What needs to be done: All lines below starting at the one that holds "Abalone Shell Animal" and ending at the one that holds "ダークアカデミアウォーマ 壁紙 (Dark" should be printed exactly, ends included. Pictures should not be printed, nor anything else.

Data for this task:
----

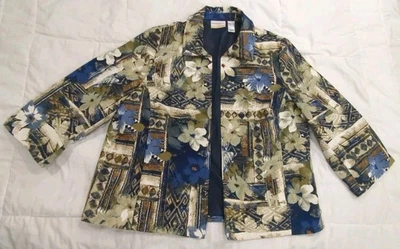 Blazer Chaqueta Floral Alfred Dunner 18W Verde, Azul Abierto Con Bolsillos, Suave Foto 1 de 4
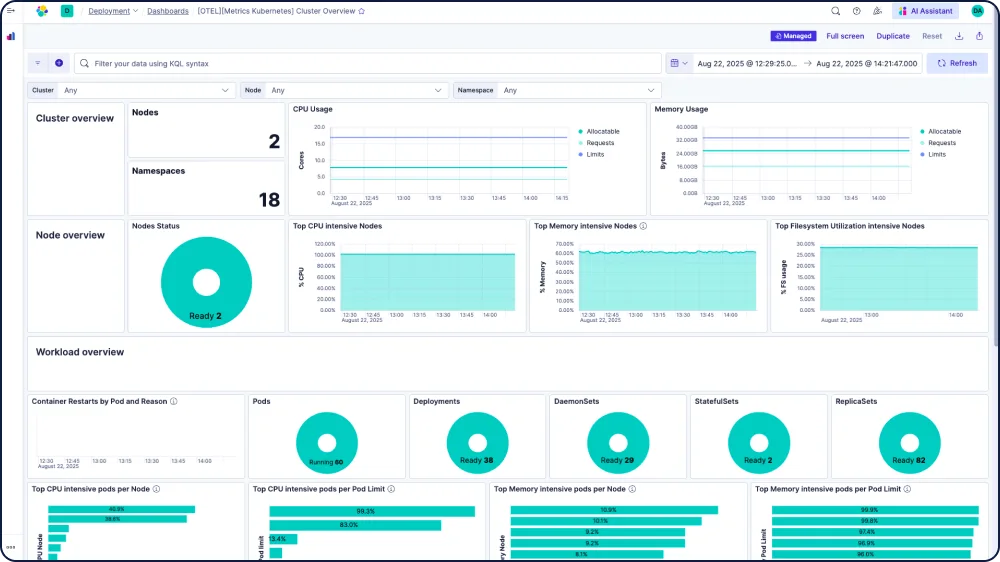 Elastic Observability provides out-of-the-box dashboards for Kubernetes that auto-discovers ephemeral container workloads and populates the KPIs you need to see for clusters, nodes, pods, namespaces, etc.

----

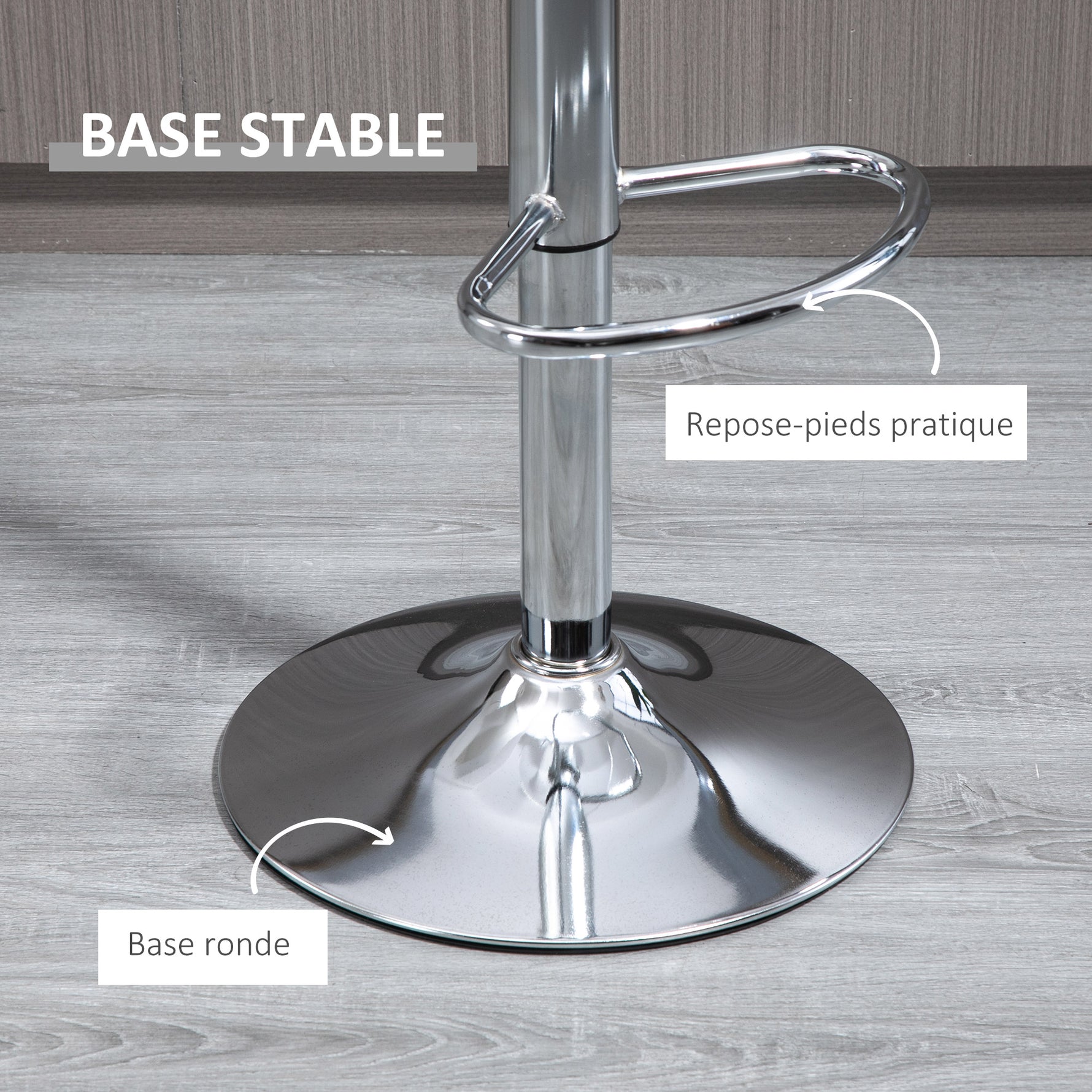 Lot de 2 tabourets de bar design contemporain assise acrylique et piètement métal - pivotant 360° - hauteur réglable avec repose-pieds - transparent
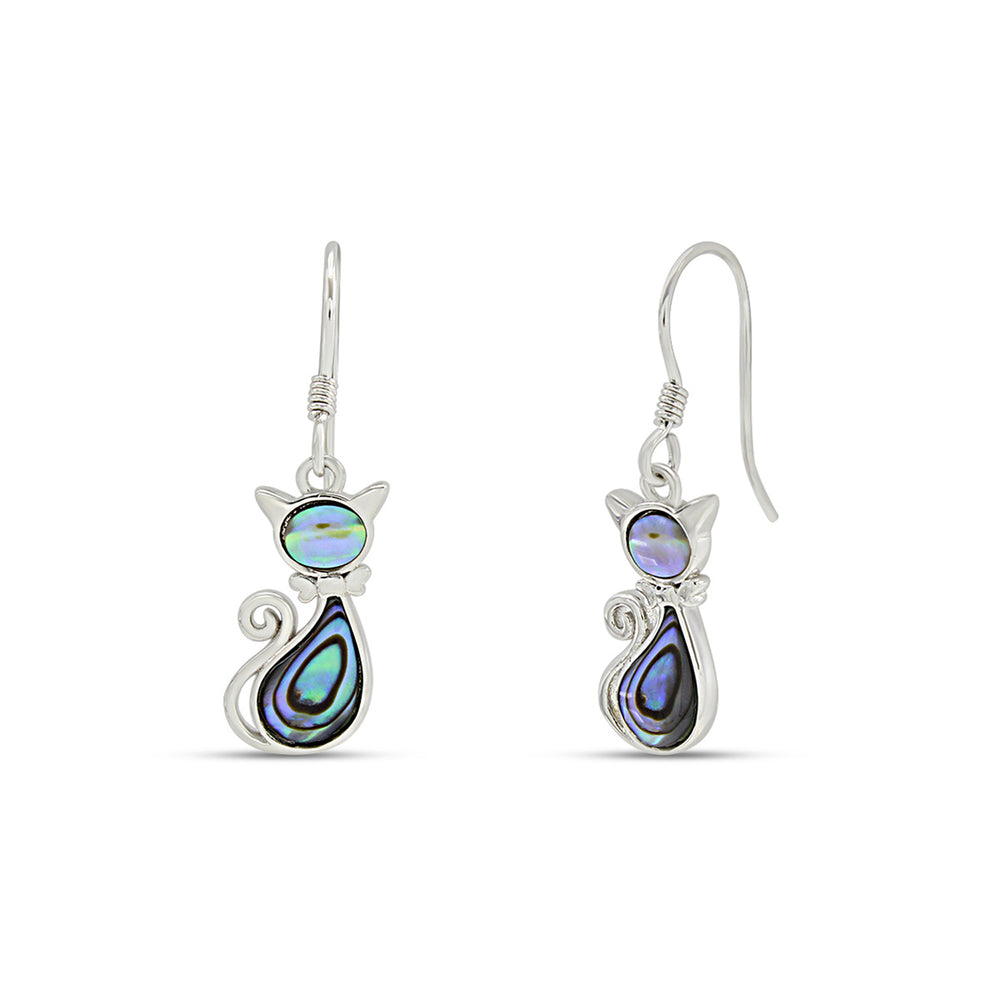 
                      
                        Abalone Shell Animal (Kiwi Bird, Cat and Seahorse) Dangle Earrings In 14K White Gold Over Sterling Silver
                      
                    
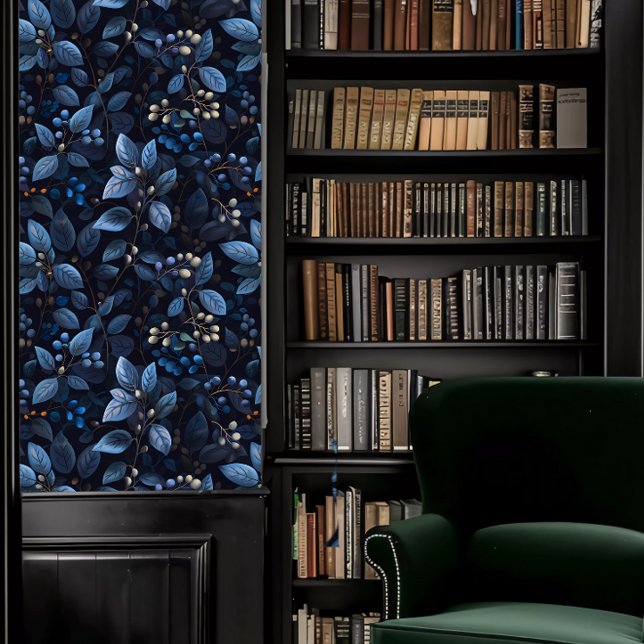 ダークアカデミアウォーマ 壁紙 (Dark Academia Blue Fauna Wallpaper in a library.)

----

Answer to this problem:
                        Abalone Shell Animal (Kiwi Bird, Cat and Seahorse) Dangle Earrings In 14K White Gold Over Sterling Silver
                      
                    
 ダークアカデミアウォーマ 壁紙 (Dark Academia Blue Fauna Wallpaper in a library.)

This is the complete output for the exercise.